The Almighty Breakpoint

Now that we have a functional debugging core, it's time to add breakpoints. Using the information from Chapter 2, we will implement soft breakpoints, hardware breakpoints, and memory breakpoints. We will also develop special handlers for each type of breakpoint and show how to cleanly resume the process after a breakpoint has been hit.

In order to place soft breakpoints, we need to be able to read and write into a process's memory. This is done via the ReadProcessMemory()[16] and WriteProcessMemory()[17] functions. They have similar prototypes:

BOOL WINAPI ReadProcessMemory(
    HANDLE hProcess,
    LPCVOID lpBaseAddress,
    LPVOID lpBuffer,
    SIZE_T nSize,
    SIZE_T* lpNumberOfBytesRead
);

BOOL WINAPI WriteProcessMemory(
    HANDLE hProcess,
    LPCVOID lpBaseAddress,
    LPCVOID lpBuffer,
    SIZE_T nSize,
    SIZE_T* lpNumberOfBytesWritten
);

Both of these calls allow the debugger to inspect and alter the debuggee's memory. The parameters are straightforward; lpBaseAddress is the address where you wish to start reading or writing. The lpBuffer parameter is a pointer to the data that you are either reading or writing, and the nSize parameter is the total number of bytes you wish to read or write.

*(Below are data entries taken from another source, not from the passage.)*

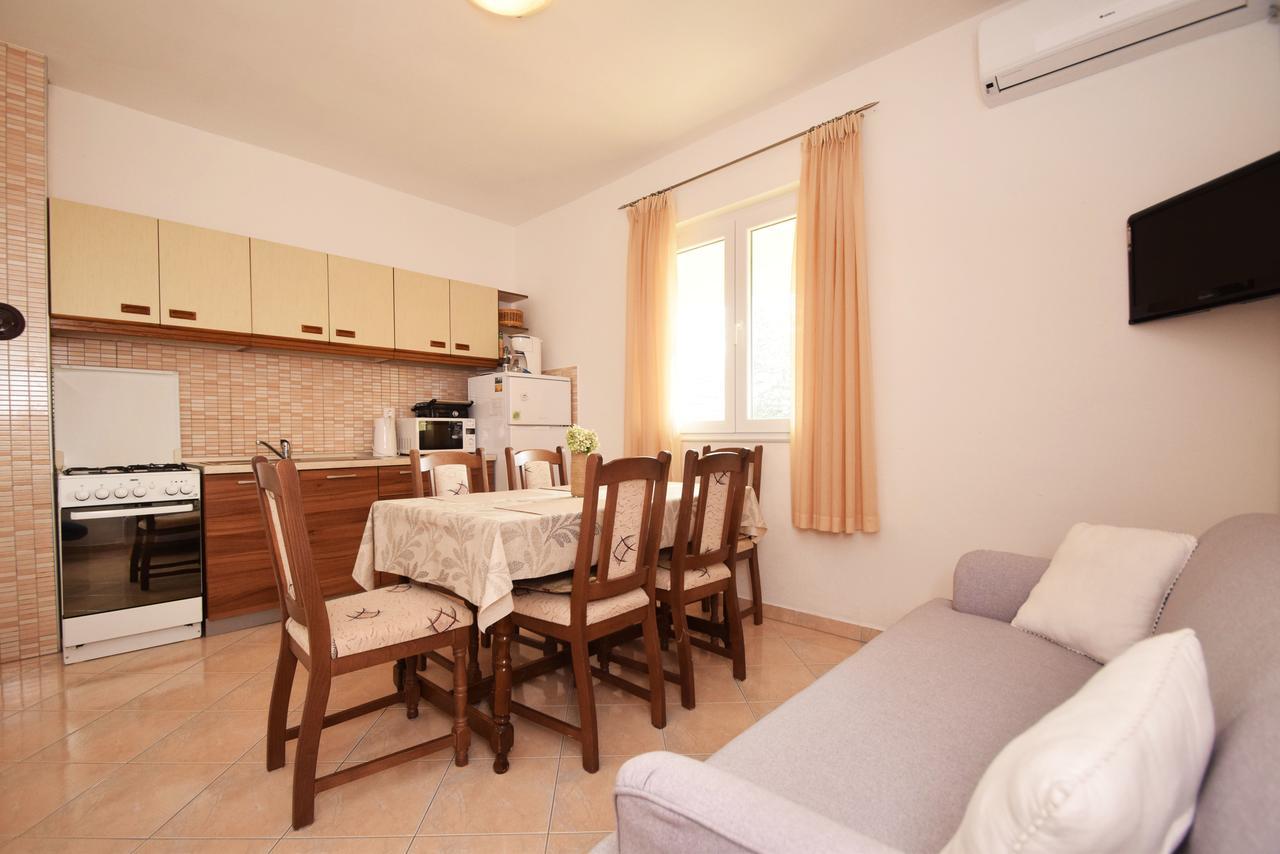 Apartment Duda สตารีกราด-ปาเคลนีซา ภายนอก รูปภาพ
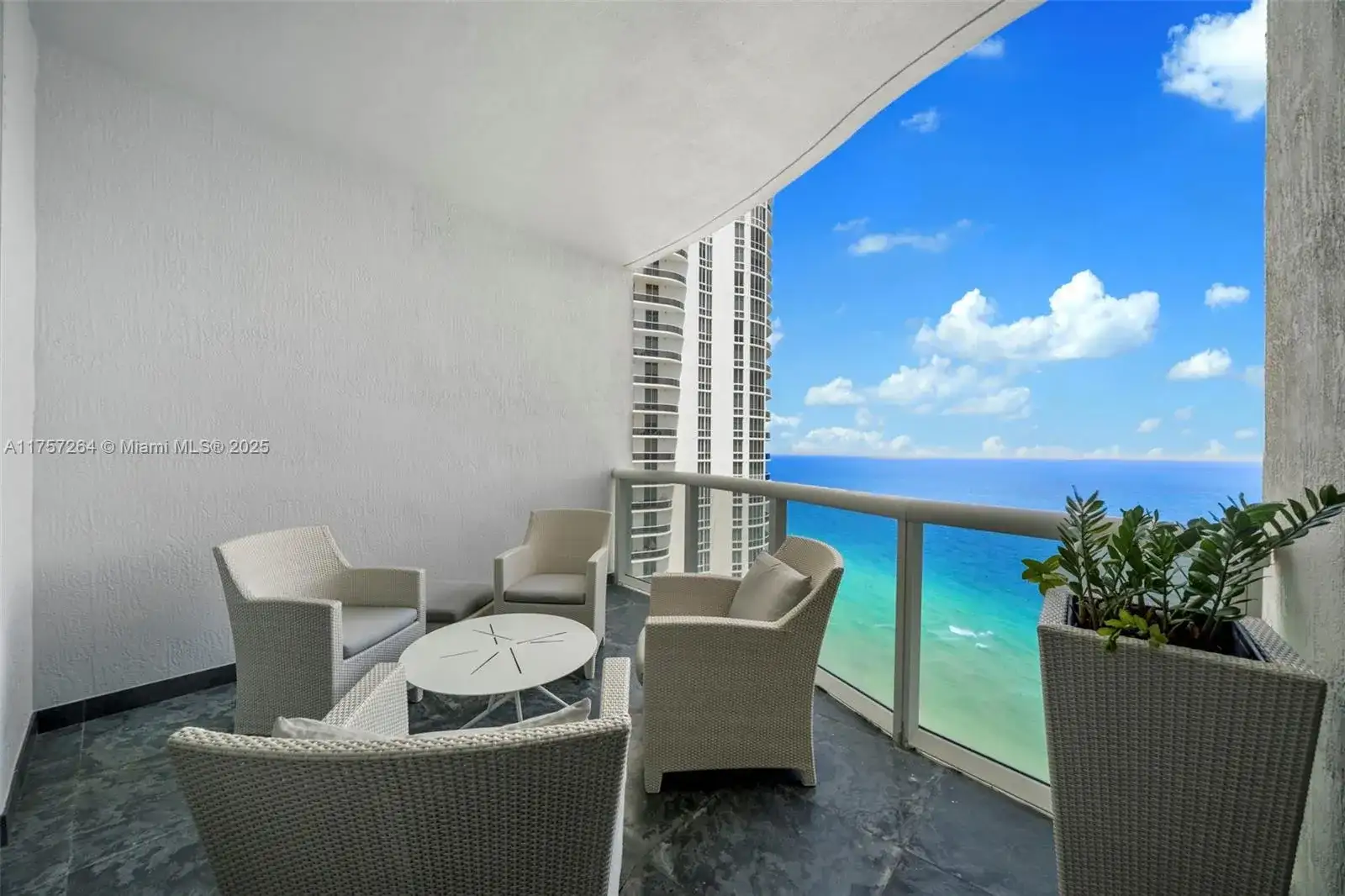 15811 Collins Ave # 2904, Sunny Isles Beach FL 33160 photo 2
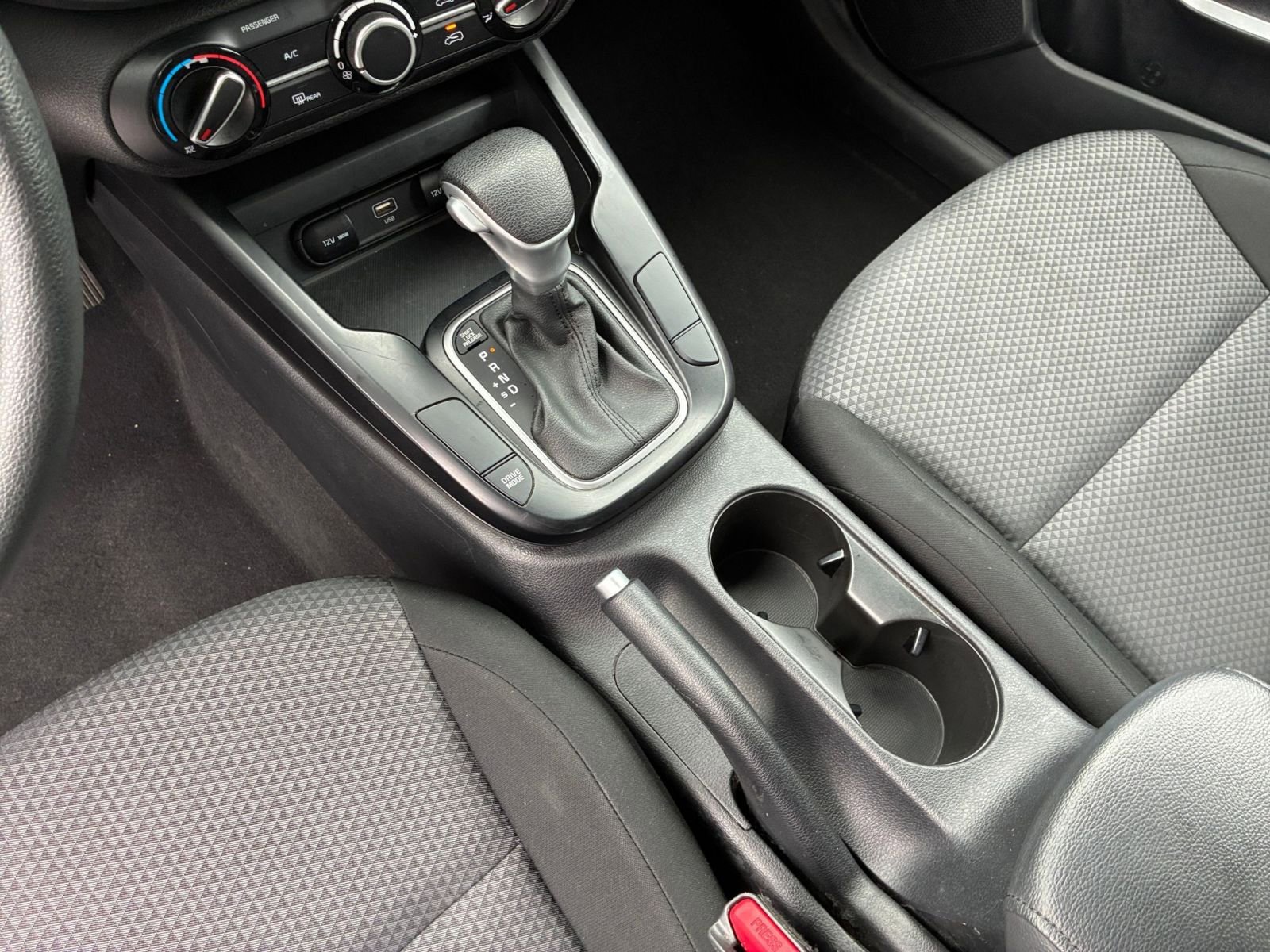 Used 2025 Kia Soul LX w/ LX Technology Package image 39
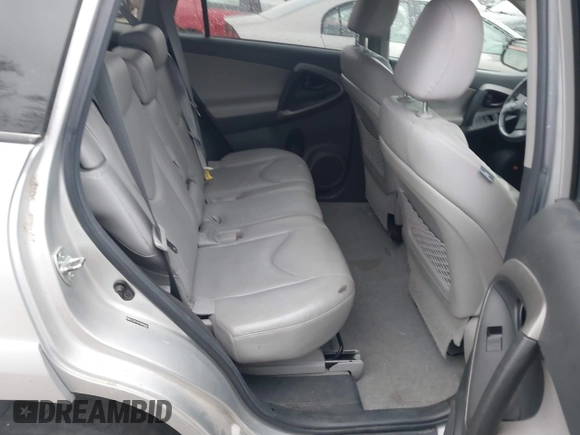 2011 Toyota RAV4 Ltd with VIN 2T3DF4DV7BW086967, listed as a IAAI auction lot 41795638 with 215,760 mi miles. Bid and sale history available at carsss.com. Image 8.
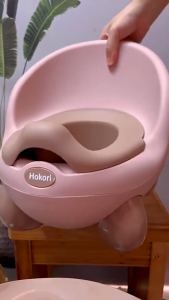 Bô Vệ Sinh Cho Bé Việt Nhật 5458 Có Tựa Lưng Bô Ngồi Cho Bé Có Nắp Đậy Tiện Lợi - TADAHOME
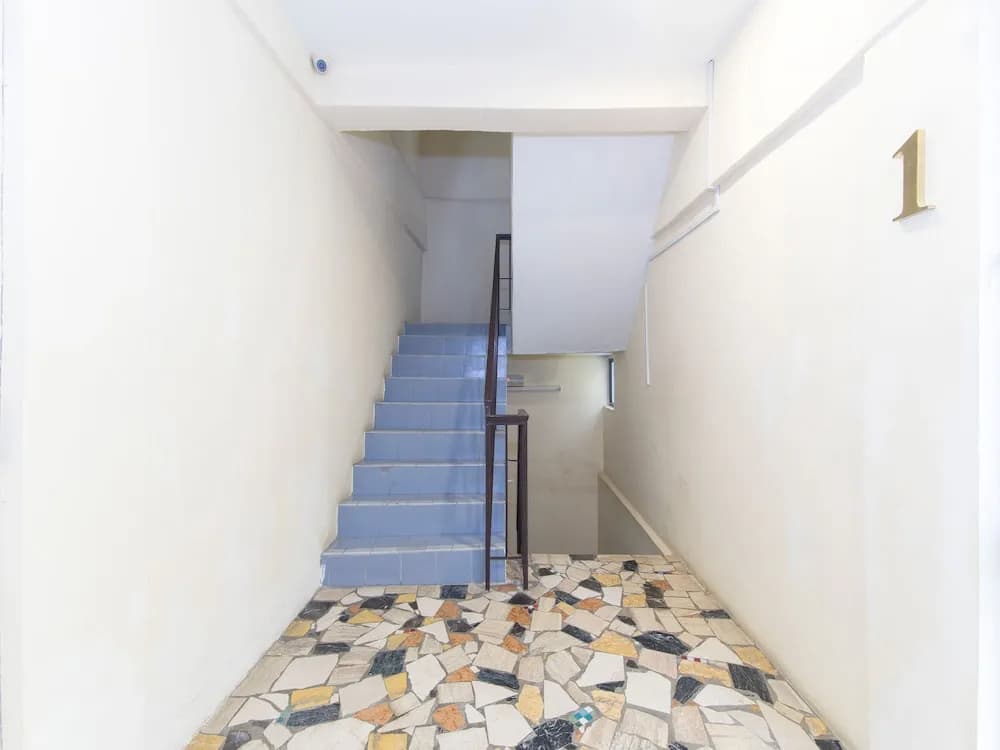 OYO 124 Hotel Seniman Sentul - photo 12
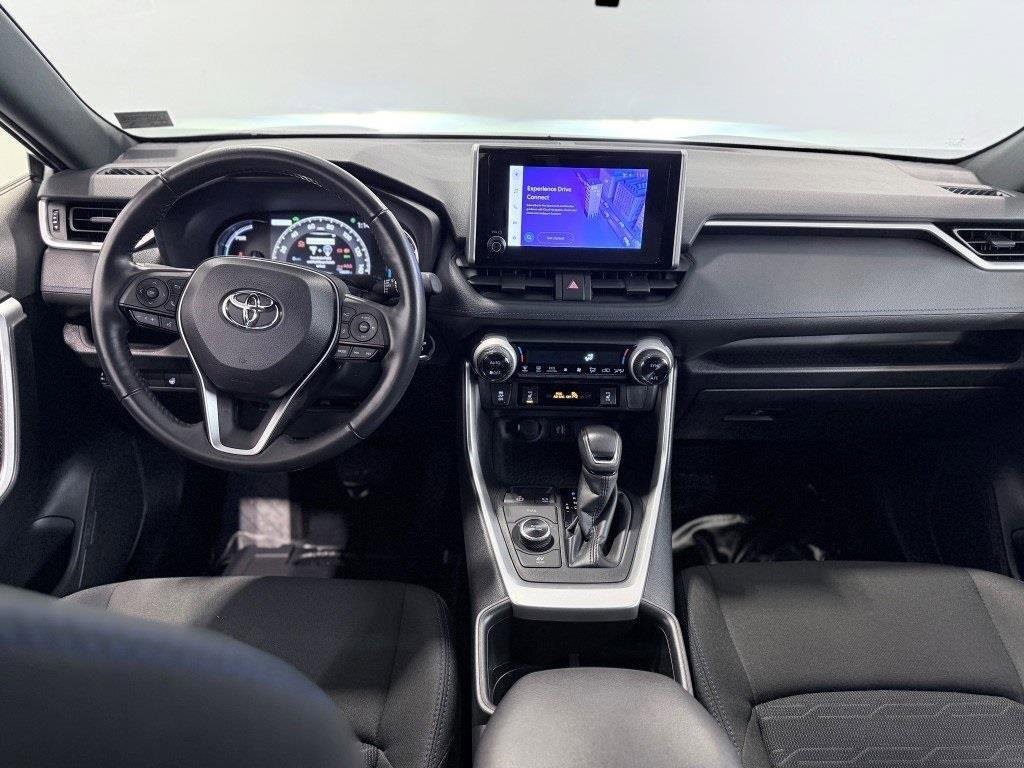 Used 2024 Toyota RAV4 SE image 21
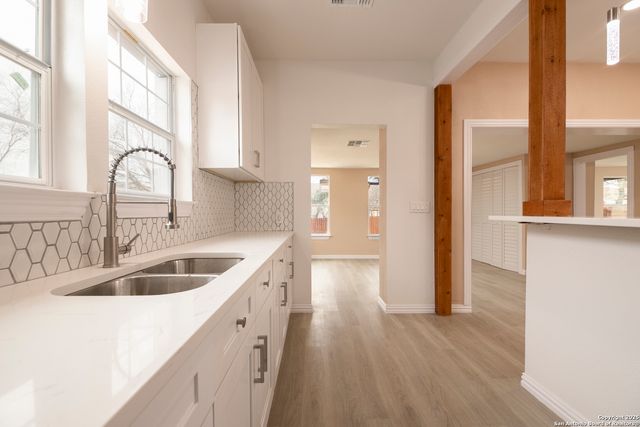 1411 McKinley, San Antonio, TX 78210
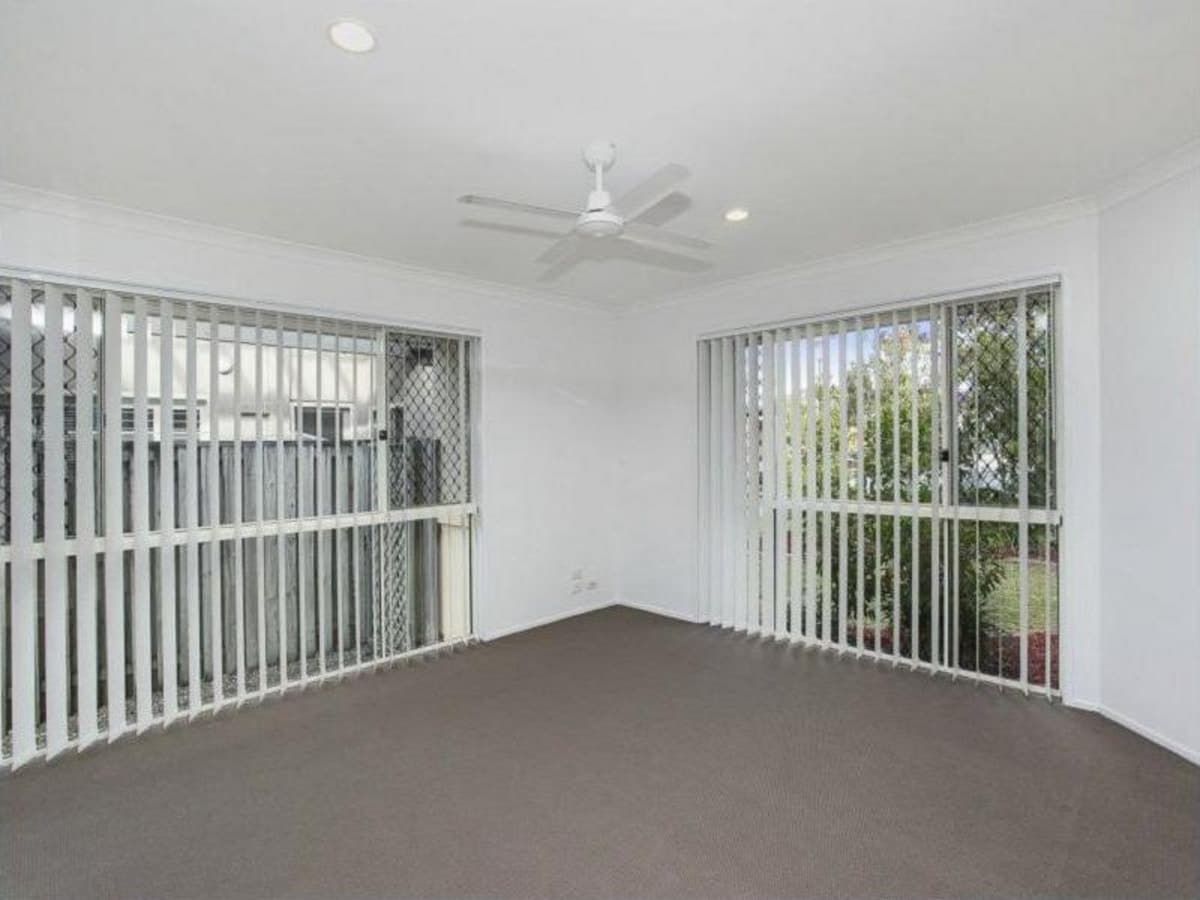 27 Rainbird Close, BURLEIGH WATERS, Burleigh Waters - Thumbnail 3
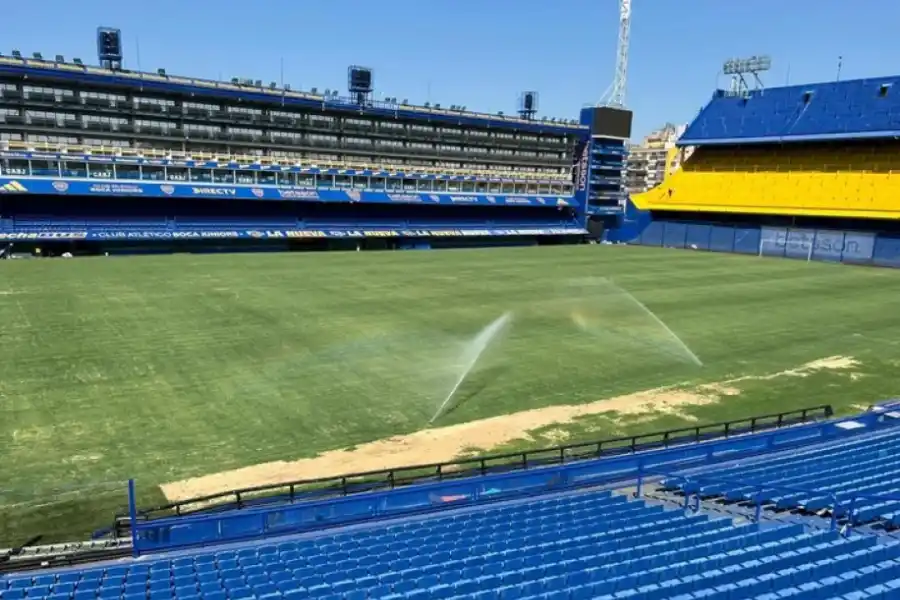 AHORA. El campo de juego mejoró considerablemente en las últimas horas.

Using these two function calls, we can enable our debugger to use soft breakpoints quite easily. Let's modify our core debugging class to support the setting and handling of soft breakpoints.

...
class debugger():

    def __init__(self):
        self.h_process         =     None
        self.pid               =     None
        self.debugger_active   =     False
        self.h_thread          =     None
        self.context           =     None
        self.breakpoints       =     {}
...
    def read_process_memory(self,address,length):
        data         = ""
        read_buf     = create_string_buffer(length)
        count        = c_ulong(0)


        if not kernel32.ReadProcessMemory(self.h_process,
                                          address,
                                          read_buf,
                                          length,
                                          byref(count)):
            return False

        else:

            data    += read_buf.raw
            return data

    def write_process_memory(self,address,data):

        count  = c_ulong(0)
        length = len(data)

        c_data = c_char_p(data[count.value:])

        if not kernel32.WriteProcessMemory(self.h_process,
                                           address,
                                           c_data,
                                           length,
                                           byref(count)):
            return False
        else:
            return True

    def bp_set(self,address):

        if not self.breakpoints.has_key(address):
            try:
                # store the original byte
                original_byte = self.read_process_memory(address, 1)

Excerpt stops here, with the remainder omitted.